3.      Glenn’s article: No one should live with PN today, as modern innovations in knowledge and technology afford us the ability to solve it, as we do with all other neuralgia’s, including those of sciatica, thoracic outlet syndrome and femoral neuropathy.

Violet’s question: What therapies have you used to successfully treat pudendal neuralgia patients and is the nerve ever so damaged that a person cannot see improvements?

Glenn’s Answer:

Since all cases of PN are somewhat dynamic in nature, physical/metabolic/both, I use any combination of the technologies in the clinic summarized as follows:

EMS Swiss Dolorclast Pro Radial Shockwave Therapy (w/power applicator)

Pulse Centers XL-Pro, high energy Pulsed electromagnetic field therapy (PEMF)
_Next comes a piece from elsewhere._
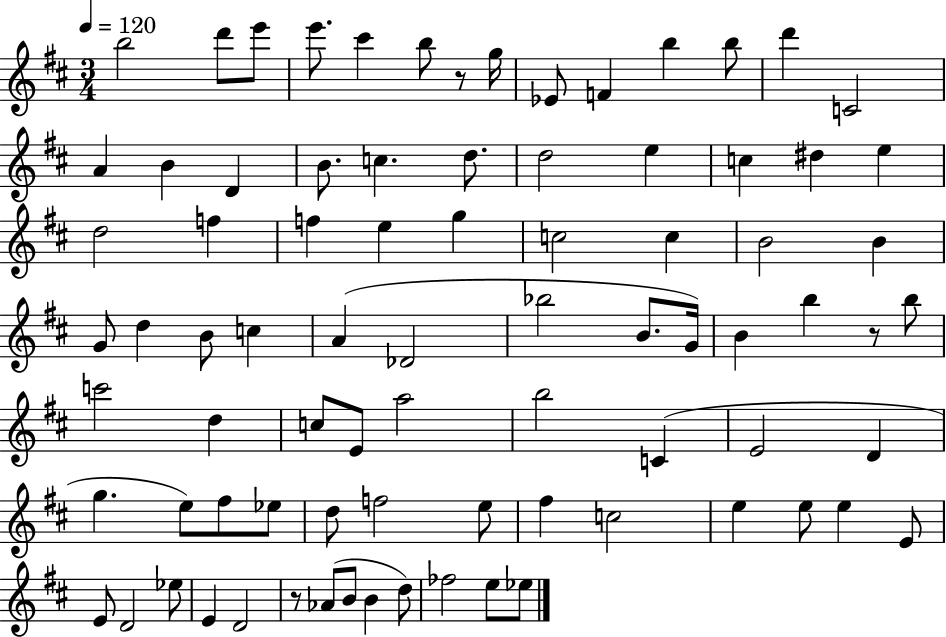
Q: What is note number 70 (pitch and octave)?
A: Eb5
Rebuilder Medical 2407 Neurostimulator nerve regenerator

Live O2 Cardiovascular Altitude simulator Oxygenation system

Trigenics Myoneural System

Vibration Plate 2.5 technology 3G Cardio

Health Light vascular infrared system

Pudendal Neuropathy, both physical/metabolic, should be resolvable in most cases as long as the mechanism of injury is correctly identified and curable. Surgical errors would be an example of a mechanism of injury that is not curable, thus no pudendal cure possible.  

Secondly, as long as symptoms of the neuropathy are still present in their original form, it is an indication that the nerve pathways have not died, giving hope of regeneration.   

Damaged or dysfunctional nerves that no longer illicit pain or sensation in their original form is a good indicator that some or all of the nine nerve pathways within the pudendal nerve have died and thus are no longer treatable.

Violet’s Question: What are the nine nerve pathways and what would be an example of them dying?

Glenn’s Answer:

Generally, peripheral nerves are comprised of 9 distinct pathways, in which 2 are dedicated to pain, 3 for motor muscle contraction, and 4 for proprioception, and sensation. 

In this example of a numb penis, all sensory pathways suffered damage and no longer generate and/or propagate sensory impulses.  Testing could verify if proprioception and/or pain pathways have also been damaged.  This should be done to help determine a mechanism of injury, thus a treatment plan. 

Damage to motor pathways would result in erectile dysfunction as the smooth muscles of the penis could not dilate allowing blood to rush in for the erection. 

Violet’s Question: We frequently have men come on the forum who say they have a numb penis. Would that fit into the category of a nerve that is no longer treatable due to loss of sensation or would there still be hope of regeneration?

Glenn’s Answer: 

Unfortunately, hope fades over time.  The length of time for a nerve to suffer permanent death varies, determined by the mechanism of injury, and one’s overall health and physiology.